"Jaaaaack, Jack!" I call.
"Yeah?" his voice a smudge around the edge of the house.
"Jack, COME here," I call. "There's a really weird SPIDER over here."
"Where?" Myra says. Loping around the yard, she circles past my elbow, and peers, her face six inches closer to the ground than I want mine.
"It has a big white thing on it's back," I say. I point, finger conservatively recoiled. We all stare, Jack, now crouched over the general vicinity of my point, his eyes locked on a small robotic body with white mystery sac.
"Oh," he says. "I think that's a wolf spider."
"Oh," I say,
"They carry their egg sacs on their back." It wriggles around a fresh tilled dirt clod.
"Ew," Myra squeaks.
"And then they carry their babies on their backs. They're really good mothers," Jack says. He cups a hand around the spider's path.
"Huh, that's neat," I say.
"Maybe we should move her so no one steps on her," his eyes never leave the spider.
"Oh, she's pretty fast and smart," I say. "I don't think you need to worry."
"Ok," He watches her a moment more then trots back to his garden, a plot carved out of the old wood pile spot. His garden: homemade stakes and trellises, gnarled, but tilted straight, wound together with twine or yarn, plants nestled in the ground like small children and babies, it's the beginning and end of every day for him. He tends them with the love and tenderness I imagine one day he will show a wife.

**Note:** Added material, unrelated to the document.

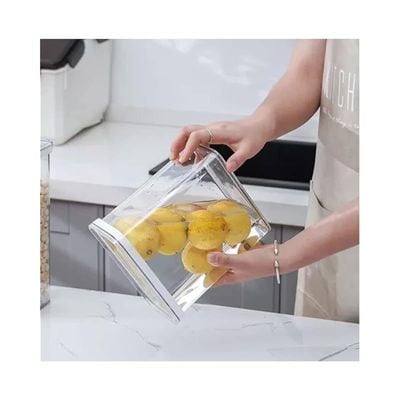 2.4 Liter Airtight Food Storage Clear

They're really good mothers. The thought flutters in my mind; that's what he took away from the science book. We pluck the details that compliment our worldview. And they trickle out, tiny exhales of ideas that frame everything. Invisible as emotions and as powerful as gravity: worldview. This is the unfolding of the human mind.

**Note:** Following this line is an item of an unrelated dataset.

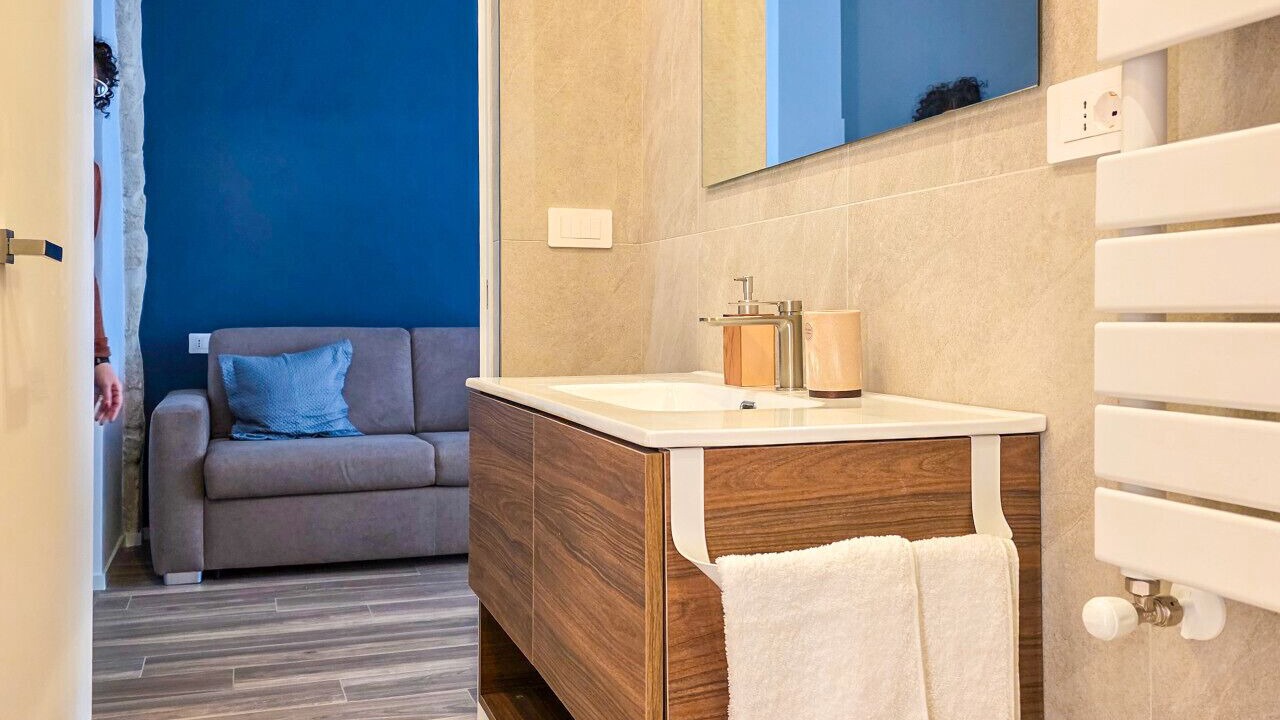 Photo of Bathroom in Manfredonia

The unfolding of the human mind is far too grand of a thing to entrust to just anyone.
~Charlotte Mason on Home Education
5862. I meet a new and already dear friend for coffee.
5863. We take the full girth of Saturday and plant 120 tomatoes in my part of the garden. Everyone pitches in.
5864. As the day wraps up Craig explains to Jack, "Mommy feels love when you spend TIME with her and talk to her. So when you said you wanted to go help Thad with his garden, she felt sad." Crouched over a tomato row, he looks up, "Oooooh." Revelation and sorrow ripple across his face. And mine: acts-of-service-boy is the exact replica of Craig. Mirth.
5865. Lucy turns eight. Lovely and more self-aware, the blissful-years begin the transformation to complexity, exquisite.
5866. As we celebrate, Joey's enthusiasm for ketchup envelopes hands, face, elbow of the person next to him. When he tumbles off the table bench, I warn his tearful self, "I'm going to hug you, but don't put your face on me." Sweet boy.
5867. Craig and I invest in some wheat berries to try our hand at making actual fresh bread. My cousin surprises us with a grain mill she'll pass on to us.
5868. We spend some time with Climbers For Christ. The three older kids rock climb a short but impressive section, and we visit with the founder. He and his wife have 12 kids. Best of all they emanate the love of Christ.
5869. I place five additional plates in our cupboard. They're the ones that never break but always seem to be MIA, the favorites. Five more feels like a lot more.
5870. I make the leap to try stevia in my cooking and get a tiny measuring spoon set to go with it.
5871. Cerissa gives me the recipe for apple-cider-vinegar-lemonade. Rapture! It's so delicious.
5872. I come across a recipe for the world's best coconut brown rice and eat two bowlfuls right out of the pan.
5863. Spring begins to unfurl before us. The old familiar smells and chores fill us with joy. Hours roll by as we work and visit shoulder to shoulder. Phones, TVs, and computers can't seem to find their niche in this world.
5864. Sunday finds us this week with a soft landing. Our house could be tidier, but our hearts are content.